C. elegans strains and ivermectin treatment

Strains were maintained on agar plates containing standard nematode growth media (NGM) seeded with E. coli OP50 at 20 °C. Small liquid cultures were used to arrest larval development (see below), and E. coli HB101 was used as food in these cultures. Standard genetic techniques were used to make combinations of alleles. The wild-type strain N2 (Bristol) and the following mutant and transgenic strains were used:

CB1370 daf-2(e1370)

CF1038 daf-16(mu86)

LRB268 avr-14(vu47); glc-3(ok321) avr-15(vu227) glc-1(pk54); dukIs9[Pmyo-2::avr-15, Pmyo-2::mCherry, Pajm-1::AJM-1::GFP]

LRB269 avr-14(vu47); glc-3(ok321) avr-15(vu227) glc-1(pk54); dukIs10[Pmyo-2::avr-15, Pmyo-2::mCherry, Phlh-8::GFP]

JD369 avr-14(vu47); glc-3(ok321) avr-15(vu227) glc-1(pk54)

NK1228 daf-16(mu86); unc-119(ed4); qyIs288 [Pdaf-16::GFP::DAF-16, unc-119(+)]

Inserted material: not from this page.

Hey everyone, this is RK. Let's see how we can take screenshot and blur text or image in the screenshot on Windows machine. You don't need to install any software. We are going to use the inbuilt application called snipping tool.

LRB338 daf-16(mu86); daf-28(tm2308); qyIs289[Pdaf-16::GFP::DAF-16, unc-119 (+)]

LRB339 daf-16(mu86); ins-4, ins-5, ins-6(hpDF761); daf-28(tm2308); qyIs289[Pdaf-16::GFP::DAF-16, unc-119(+)]

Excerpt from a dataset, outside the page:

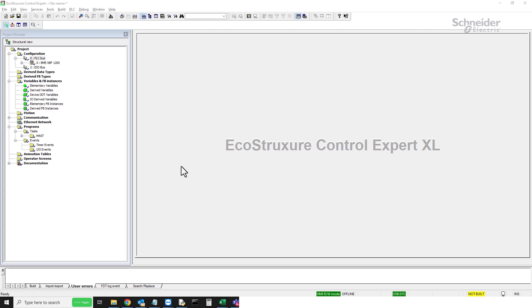To do that, double-click on the PLC bus in the project browser under configuration to open the PLC bus.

LRB340 daf-16(mu86); ins-4, ins-5, ins-6(hpDF761); qyIs289[Pdaf-16::GFP::DAF-16, unc-119(+)]

GR1455 mgls40[Pdaf-28::GFP]

dukIs9 injection mix contained the following: 1 ng/μL pCFJ90 (Pmyo-2::mCherry), 1 ng/μL pPD30_69_TK414_4A (Pmyo-2::avr-15), and 50 ng/μL pJS191 (Pajm-1::AJM-1::GFP). dukIs10 injection mix contained the following: 1 ng/μL pCFJ90 (Pmyo-2::mCherry), 1 ng/μL pPD30_69_TK414_4A (Pmyo-2::avr-15), and 50 ng/μL pJKL464 (Phlh-8::GFP).

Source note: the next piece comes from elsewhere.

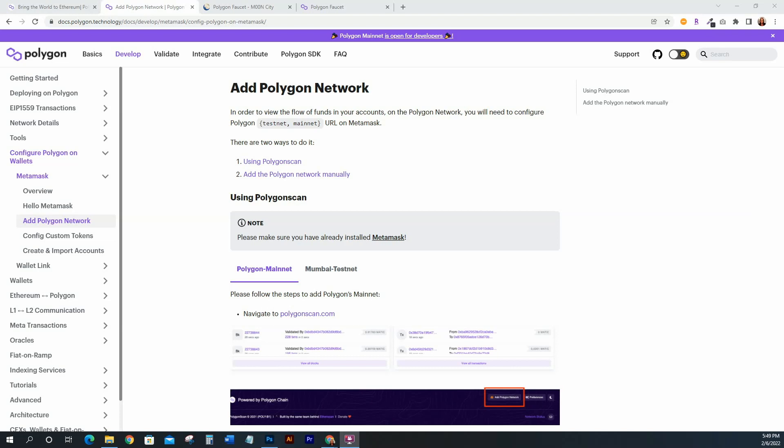I'll also show how to get some MATIC onto your Polygon mainnet so that when it comes time to deploy your smart contracts onto Polygon, you'll have small bits of MATIC already there. Polygon is definitely becoming more and more popular. A lot of people are turning to Polygon since Ethereum has such high gas prices, so I wanted to put out this Polygon video for everyone trying to deploy smart contracts on the Polygon blockchain.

We used LRB268 and LRB269 for our primary analyses. These strains are sensitive to ivermectin in the pharynx alone, providing a controlled way to manipulate pharyngeal pumping. However, these strains have complex genetics, with four chromosomal mutations and a transgenic extrachromosomal array. In addition, the array carries the pharynx-specific avr-15 transgene as well as a reporter gene. Consequently, these two strains were not amenable to analysis of other mutations and reporter genes. We determined that wild-type (N2) worms display similar responses to ivermectin and food (e.g., Fig. 3i), albeit at slightly different doses (see below). We proceeded to use the wild-type background for subsequent genetic analyses. The strain used is indicated for each figure or figure panel.

Ivermectin (Sigma) dissolved in DMSO was added to the appropriate cultures immediately following culture setup. Ivermectin dose was adjusted for different levels of resistance in different strains. We performed a dose response to ivermectin in each background and used the minimal effective dose that made each strain not eat, as assessed by growth (data not shown). LRB269 was treated with 20 ng/mL ivermectin, or 22.85 nM. LRB268 was treated with 50 ng/mL ivermectin. Strains in the N2 background, rather than the quadruple mutant background, were treated with 10 ng/mL. DMSO was added in equal amounts to control tubes. DMSO concentration ranged from 0.05 to 0.2%.